PERHAPS I SHOULD rename this column “Heart-breaking News”. The videos, the news reports in newspapers and on digital news websites, have made it amply clear that the UP government and its police force are going full tilt to implement the order of “badla” or revenge against Muslims protesting against the Citizenship Amendment Act (CAA). And not just those protesting. Even those passing by or hiding from the police in their homes, or well-known social workers, have been arrested, beaten up, harassed, shot at or had their homes vandalised.
This is no ordinary moment in this country’s history. Those of us who have lived through the years of the Emergency, from 1975-77, cannot remember another time when such a cross-section of people has come out on the streets. In 1977, people demanded the restoration of democracy. Today, they are asking the government to adhere to the fundamental values enshrined in the Constitution.
The full extent of this resistance and protest has, perhaps, not been fully communicated by the media. For one, mainstream media feels compelled to give space to official pronouncements. So even as people raise their voices and question the CAA, space and time are given to interviews and statements by different members of the Bharatiya Janata Party, including union ministers who go to great lengths to explain the harmlessness of the CAA. Even though they contradict each other, the purpose is served: to create confusion and doubt in the minds of those sitting on the fence. Despite this, however, the thousands opposing the law are not convinced, as is evident from the continuing protest marches and meetings.
Although at least some of the mainstream media, and practically all the digital news media, have reported the anti-CAA demonstrations around the country, the mood on the ground has not been fully captured. What motivates those who are walking on the streets, holding placards that they have made themselves? We hear the voices of celebrities, but not enough of ordinary people. Yet, their voices are extraordinary. Talk to anyone. You will hear a cogent and reasoned explanation about why they oppose the CAA.
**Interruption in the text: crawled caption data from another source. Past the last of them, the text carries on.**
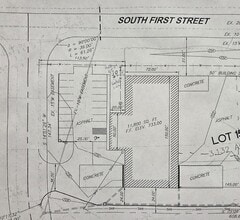 15 Cooperative Way, Wright City, MO à louer Photo intérieure– Image 1 sur 1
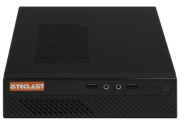 фото Мини ПК TECLAST M01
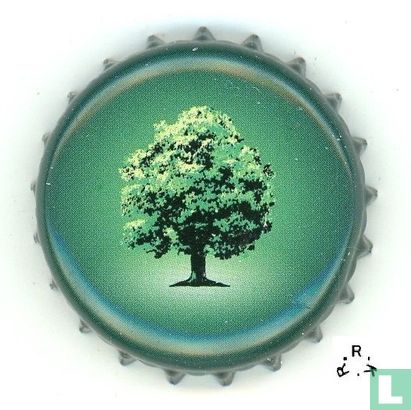 Lindeboom - Afbeelding 1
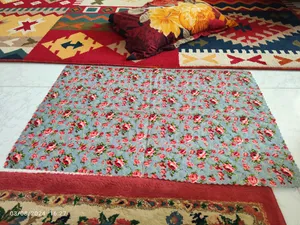 تجریه خرید آبگیر و نمگیر کنار سینک کد S-400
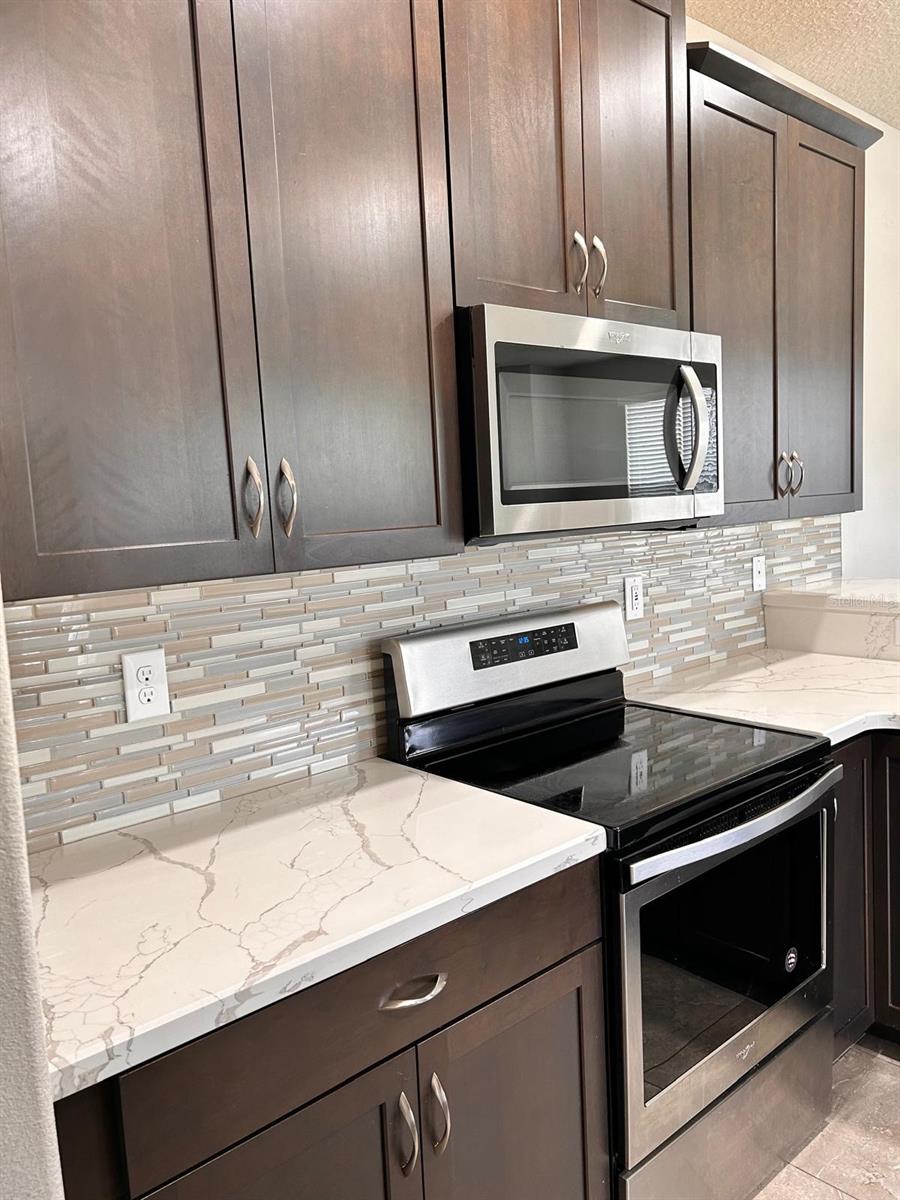 Image 11 of 29 For 2676 Giardino Loop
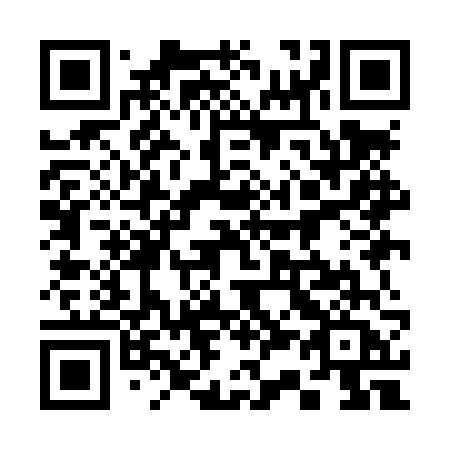 QR code for 339LVA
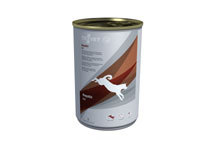 Hepatic Diet Dog (HLD) - 6 x 400g cans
I went to Mumbai’s August Kranti Maidan on December 19 and to Azad Maidan on December 27 to judge for myself why people from all walks of life felt compelled to step out of their comfort zones to protest.
I spoke to students and young professionals. A student doing his PhD at the Indian Institute of Technology explained how many of them had been disturbed in 2016, after the suicide of Rohith Vemula in the University of Hyderabad. That is when students from different universities came together. And what began then has continued.
This year, after the curtailment of Article 370 in Jammu and Kashmir, they sensed that steps to alienate the Muslim minority would accelerate. But although they protested, they did not come out of their campuses. The CAA, he said, was literally the last straw, and many students felt they just could not hold back.
For a Muslim student from Jawaharlal Nehru University, who also attended the Azad Maidan rally, the Supreme Court’s ruling on the Babri Masjid case was the inflection point. She said until then, she still had faith in the judiciary. After the judgment, she and others like her felt there was no institution left that understood their fears. And the CAA just confirmed this, she said.
Many young professionals from different fields, people who had never participated in any public demonstration also turned up. Design professionals used their skills to make posters, a standup comic held a placard that read: “I am from Gujarat. My documents burned in 2002”. Another poster stated: “BJP is great at maths as they can divide 1.3 bn in no time”. Such irony and humour has rarely been seen during protests in recent times.
I thought the point made by the IIT student, that the process of mobilising had already begun in 2016, was particularly significant.
For instance, many people have commented on the prominence of women students in the protests, particularly in Delhi, suggesting that this was something new and unusual. There is a hidden assumption that women only come out to protest when the issue affects them directly. It is as if women are not ‘citizens’!
The strong participation of women in the anti-CAA protests did not come about overnight. It has been part of several processes, such as the one initiated by a group called Pinjra Tod in 2015, coincidentally in the same Jamia Millia Islamia that is in the news today. Then they fought against curfew hours imposed by their colleges on women students living in the hostel. Since then they have intervened on many other issues on college campuses.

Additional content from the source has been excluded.